Reservoirs for Gram-negative bacteremia pathogens include the environment and intestinal tract colonization. It is likely that all of these pathogens have some environmental reservoir, as none are obligate human pathogens. Colonization can occur after exposure to ubiquitous environmental reservoirs, including contaminated medical equipment, water, and companion animals (2628). Highly contaminated environments, like wastewater treatment plants and hospital drainage, are particularly problematic and may serve as hubs of pathogen accumulation that provide a space for exchange and acquisition of genetic elements, specifically, antimicrobial resistance genes (26, 29). For Enterobacterales, particularly E. coli and K. pneumoniae (3032), gastrointestinal colonization can persist and serve as a reservoir for transmission and colonization of another person or reintroduction into the environment.
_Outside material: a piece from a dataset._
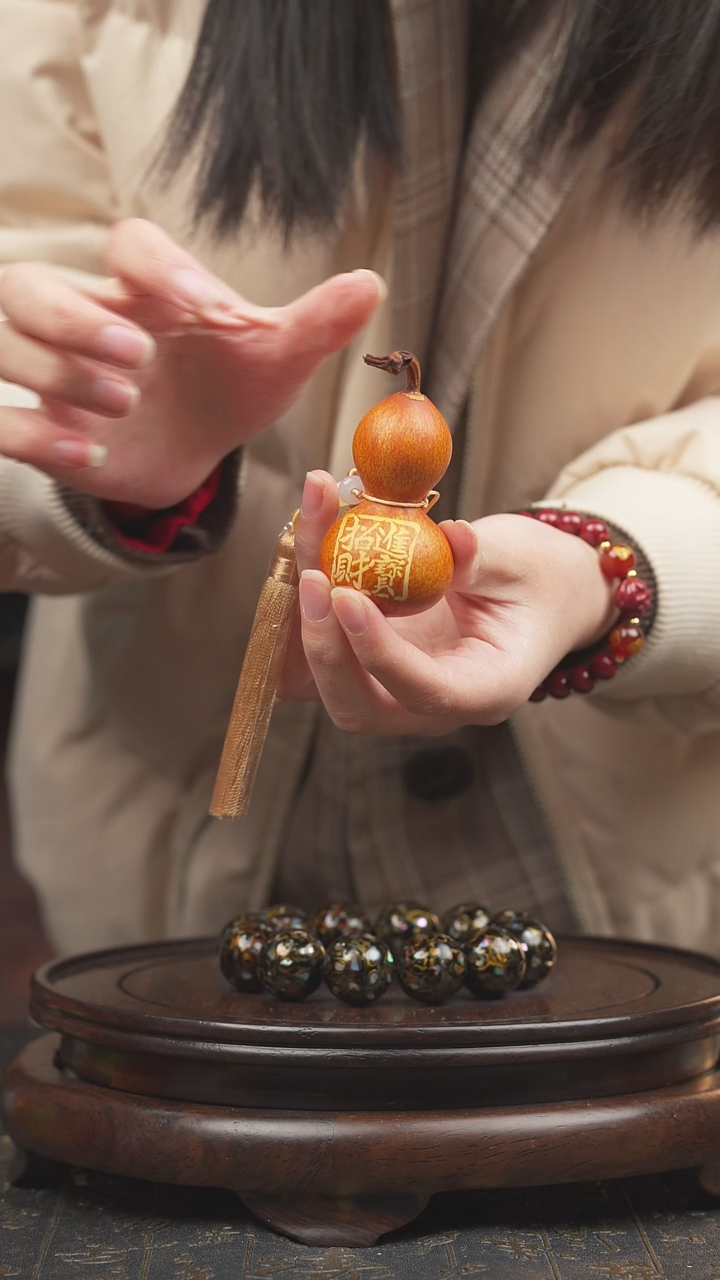 【闪购商品】1542号大漆酒葫芦择优发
Colonization can also be an intermediate step between exposure to an environmental reservoir and infection. For the non-Enterobacterales, including P. aeruginosa, A. baumannii, and Serratia marcescens, colonization is typically transient and environmental exposure is more of a direct risk for subsequent infection. Colonization or environmental exposure can progress to a bloodstream infection, manifesting clinically as primary bacteremia. Alternatively, colonization or environmental exposure can progress to a different infection (pneumonia or urinary tract infection) and then to a secondary bacteremia.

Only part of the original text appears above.